Joseph Teye Tetteh is a Ghanaian politician and also a teacher. He served as a member of parliament for the Kpone-Katamanso constituency in the Greater Accra region of Ghana.

== Early life and education ==
Tetteh was born on 15 December 1945. He attended Tema Technical Institute where he obtained a certificate in City & Guild in tailoring, He also went to Cuttbus (GDR) where he obtained a Diploma in Social Science.

== Politics ==
Tetteh was elected during the 1992 Ghanaian parliamentary election as the first member of the fourth republic of Ghana on the ticket of the National Democratic Congress.

In 1996, Afieye Ashong of National Democratic Congress took the seat with 7,901 votes cast which representing 59.50% of the share by defeating George T. Noye of the New Patriotic Party who obtained 2,609 votes which represent 19.60% of the share; Emmanuel Kweku Sagoe of National Convention Party who obtained 562 votes which represent 4.20% of the share and Theophilus Tei Okunor of People's National Convention who obtained 138 votes which represent 1.00% of the share.

Ashong was again elected as a member of parliament for the Kpone Katamanso constituency in the 3rd parliament of the 4th Republic of Ghana in the 2000 Ghanaian general elections.

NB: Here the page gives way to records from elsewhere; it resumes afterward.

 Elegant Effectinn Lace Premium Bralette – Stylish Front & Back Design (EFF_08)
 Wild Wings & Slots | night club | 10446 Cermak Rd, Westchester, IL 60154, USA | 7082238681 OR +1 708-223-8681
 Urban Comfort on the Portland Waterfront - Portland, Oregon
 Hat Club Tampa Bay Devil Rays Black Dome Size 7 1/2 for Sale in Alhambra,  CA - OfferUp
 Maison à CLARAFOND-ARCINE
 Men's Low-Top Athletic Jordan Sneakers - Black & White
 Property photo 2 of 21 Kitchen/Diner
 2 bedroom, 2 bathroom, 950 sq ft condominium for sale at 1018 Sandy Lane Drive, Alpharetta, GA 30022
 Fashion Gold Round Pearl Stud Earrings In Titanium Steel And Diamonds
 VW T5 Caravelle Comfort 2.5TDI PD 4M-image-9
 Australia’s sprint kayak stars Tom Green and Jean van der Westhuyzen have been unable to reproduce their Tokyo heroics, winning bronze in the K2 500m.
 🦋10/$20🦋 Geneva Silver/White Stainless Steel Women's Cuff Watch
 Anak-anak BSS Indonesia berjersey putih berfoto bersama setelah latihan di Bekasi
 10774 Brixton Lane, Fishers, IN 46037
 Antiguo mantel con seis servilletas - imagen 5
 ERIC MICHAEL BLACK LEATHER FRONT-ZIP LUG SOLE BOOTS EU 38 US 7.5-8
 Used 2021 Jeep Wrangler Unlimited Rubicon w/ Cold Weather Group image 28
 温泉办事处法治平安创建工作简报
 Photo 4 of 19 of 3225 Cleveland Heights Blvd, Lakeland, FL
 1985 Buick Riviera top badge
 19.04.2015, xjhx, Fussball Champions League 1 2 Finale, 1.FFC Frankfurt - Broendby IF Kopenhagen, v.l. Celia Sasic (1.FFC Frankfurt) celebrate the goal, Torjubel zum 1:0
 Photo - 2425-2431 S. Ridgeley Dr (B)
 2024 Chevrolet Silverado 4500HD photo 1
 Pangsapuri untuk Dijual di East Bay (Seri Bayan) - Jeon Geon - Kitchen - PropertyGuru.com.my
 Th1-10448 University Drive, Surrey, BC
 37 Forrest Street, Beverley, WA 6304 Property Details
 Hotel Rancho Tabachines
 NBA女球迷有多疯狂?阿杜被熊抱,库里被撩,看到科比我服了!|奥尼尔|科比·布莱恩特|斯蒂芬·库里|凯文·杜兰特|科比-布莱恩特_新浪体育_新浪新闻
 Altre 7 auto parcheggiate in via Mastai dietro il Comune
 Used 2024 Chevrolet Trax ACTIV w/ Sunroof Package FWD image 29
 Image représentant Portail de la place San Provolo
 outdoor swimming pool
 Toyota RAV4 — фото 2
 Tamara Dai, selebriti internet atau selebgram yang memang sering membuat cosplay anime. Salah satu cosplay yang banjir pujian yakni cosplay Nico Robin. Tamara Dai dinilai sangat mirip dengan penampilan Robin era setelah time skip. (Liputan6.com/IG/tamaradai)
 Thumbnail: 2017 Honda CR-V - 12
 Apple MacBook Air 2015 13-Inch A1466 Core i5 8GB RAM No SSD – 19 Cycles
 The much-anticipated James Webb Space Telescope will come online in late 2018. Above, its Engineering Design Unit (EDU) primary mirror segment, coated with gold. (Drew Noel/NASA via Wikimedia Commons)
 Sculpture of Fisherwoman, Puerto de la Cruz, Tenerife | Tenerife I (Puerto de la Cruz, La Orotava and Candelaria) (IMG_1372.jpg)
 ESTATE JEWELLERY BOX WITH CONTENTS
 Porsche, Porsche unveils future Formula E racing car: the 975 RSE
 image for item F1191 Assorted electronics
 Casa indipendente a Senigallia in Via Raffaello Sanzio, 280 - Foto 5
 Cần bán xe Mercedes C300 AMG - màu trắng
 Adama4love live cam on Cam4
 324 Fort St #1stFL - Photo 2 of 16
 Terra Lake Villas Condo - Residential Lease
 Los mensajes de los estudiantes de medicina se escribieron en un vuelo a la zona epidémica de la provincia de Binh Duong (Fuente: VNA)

In March 2017, Tetteh was named as one of the ten deputy regional ministers who would form part of his government by then President Nana Akufo-Addo. In the same month, both the Parliament and the Appointment Committee of Ghana vetted Tetteh and he was later approved and his name was forwarded to the Speaker of Parliament for further approval.

== Career ==
Joseph Teye Tetteh was the former member of the First Parliament of the Fourth Republic of Ghana for Kpone-Katamanso from 7 January 1993 to 6 January 1997. He is a teacher.